Appraised value vs. assessed value vs. market value
When determining how much your house is worth, it’s important to note the difference between the appraised value, assessed value and market value. While they all use similar methods to determine the value of your home, the values are likely to be different.
The appraised value is not fixed. It can change week to week depending on fluctuations in the market and other variables such as upgrades or add-ons. Appraisals are primarily during a home purchase transaction, and are of most interest to the buyer and their lender.
The assessed value, on the other hand, is used for tax purposes. A municipal or provincial government does an assessment to produce data for the tax authorities. This data helps determine the taxes you should pay based on the value of your property. Assessments are usually done annually, and the assessed value is fixed until the next assessment takes place. Typically, things like kitchen or bathroom upgrades don’t play a role in assessments, which are more concerned with factors such as a home’s size, age and location.

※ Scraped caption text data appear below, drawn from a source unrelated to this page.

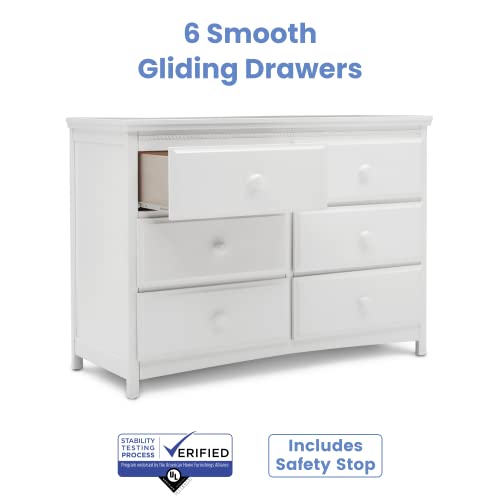Delta Children Emerson 6 Drawer Dresser, Greenguard Gold Certified, Bianca White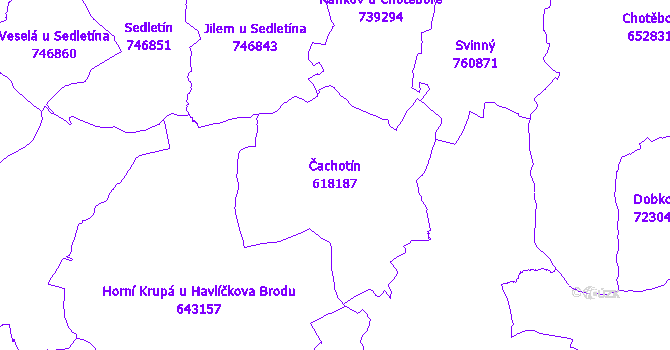 Katastrální mapa Čachotín - přehledová mapa katastrálního území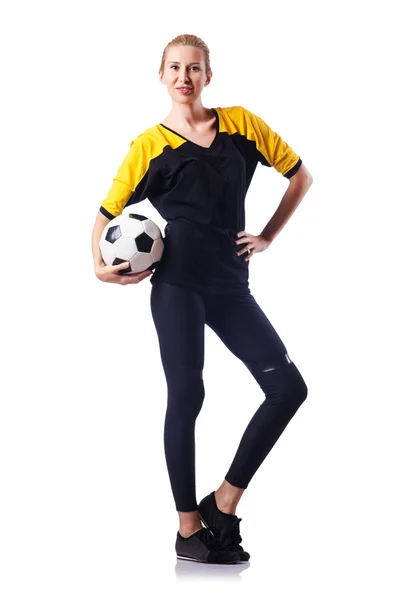 Femme jouant au football sur blanc — Photo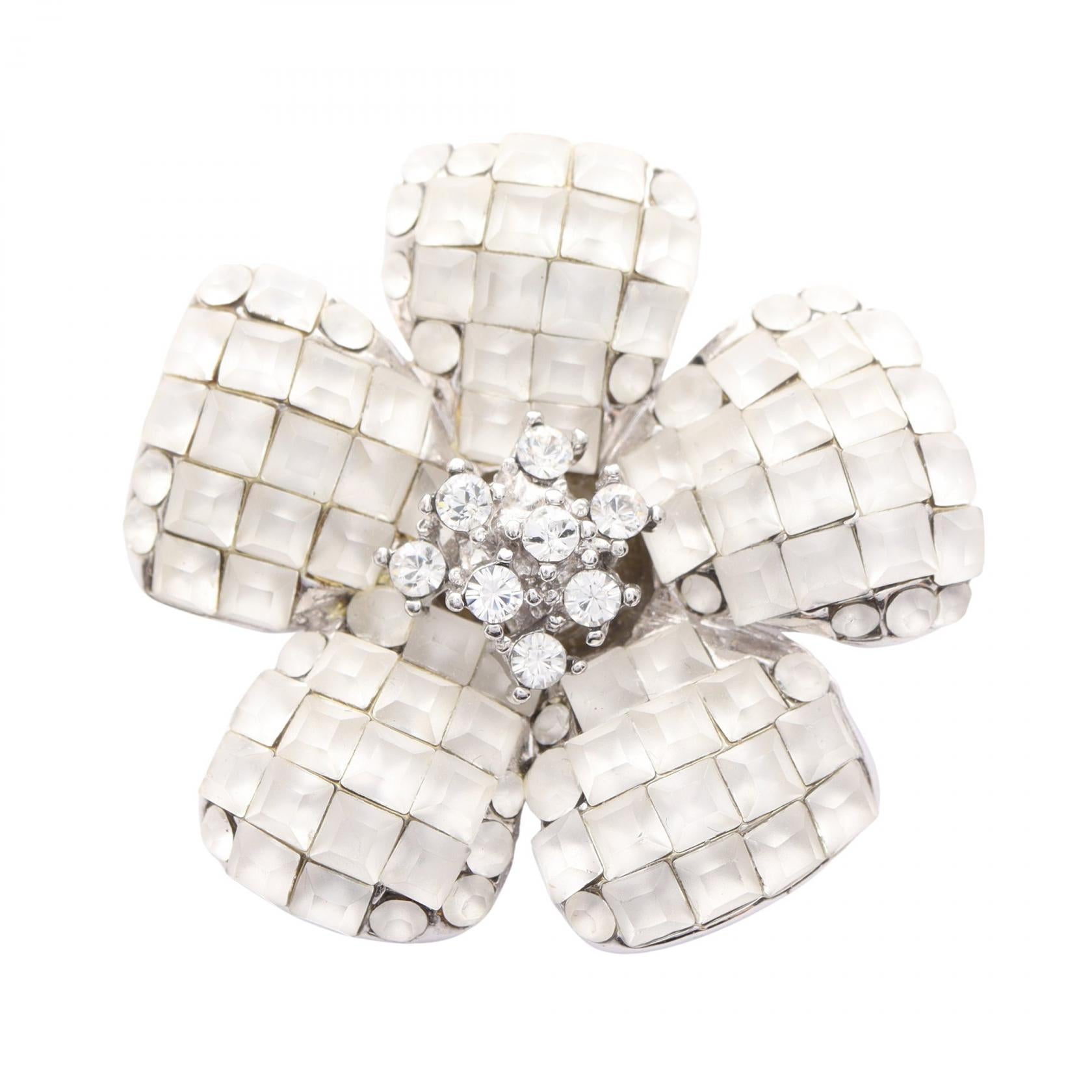 107 ムーンストーン シルバー ブローチ フラワー GEORG JENSEN 107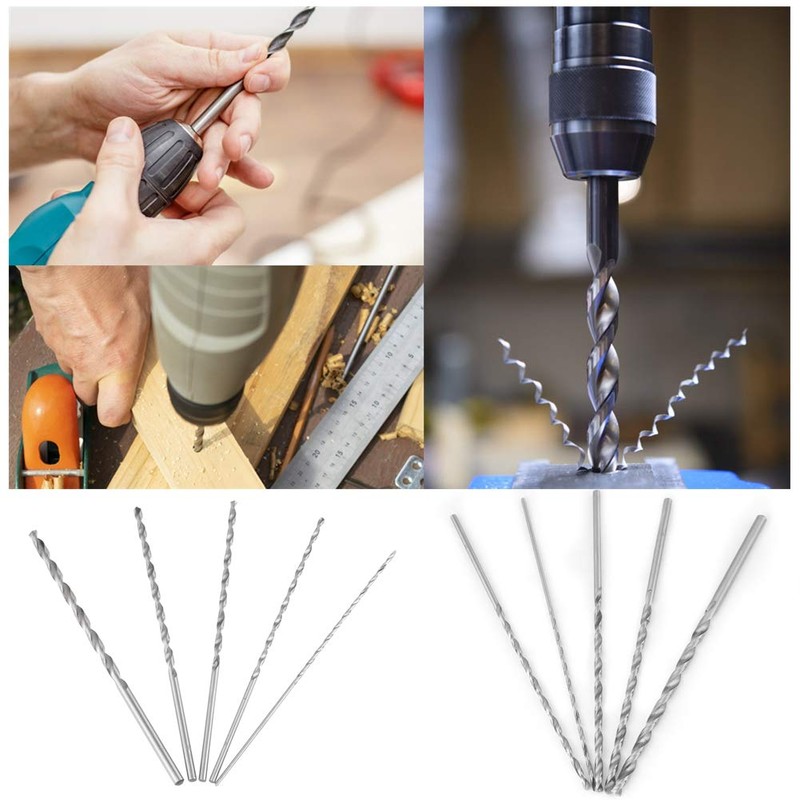 Wood Drill Bits Set, 5pcs 2-5mm Extra Long Drill Bits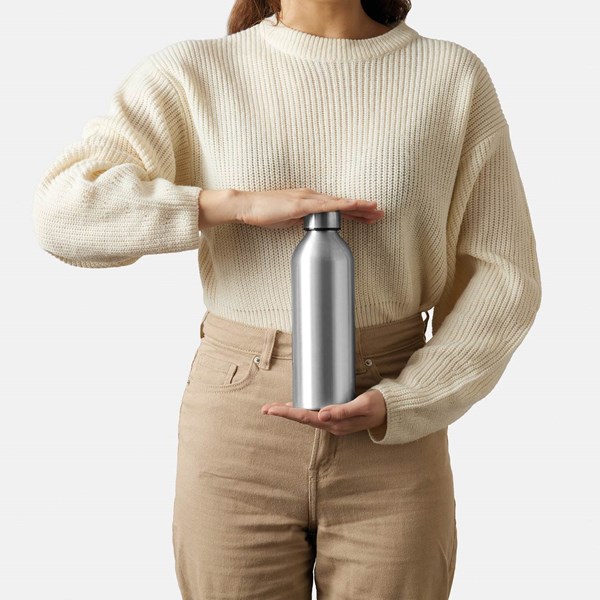 Obrázky: Stříbrná hliník.láhev na pití 750 ml, šroub. víčko, Obrázek 10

Several cities and provinces maintain searchable databases of residential property assessments, so you can look up your home as well as others you’re curious about. For example, British Columbia residents can look up the assessed value of any property using the BC Assessment tool, and Ontario residents can use the AboutMyProperty tool.
Appraised and assessed values differ from the market value, which is of most interest to a seller. Market value isn’t so much how much the home is actually worth but rather how much a buyer is willing to pay for it at any given point in time. Market values vary based on the type, size, and location of a house, as well as current supply and demand.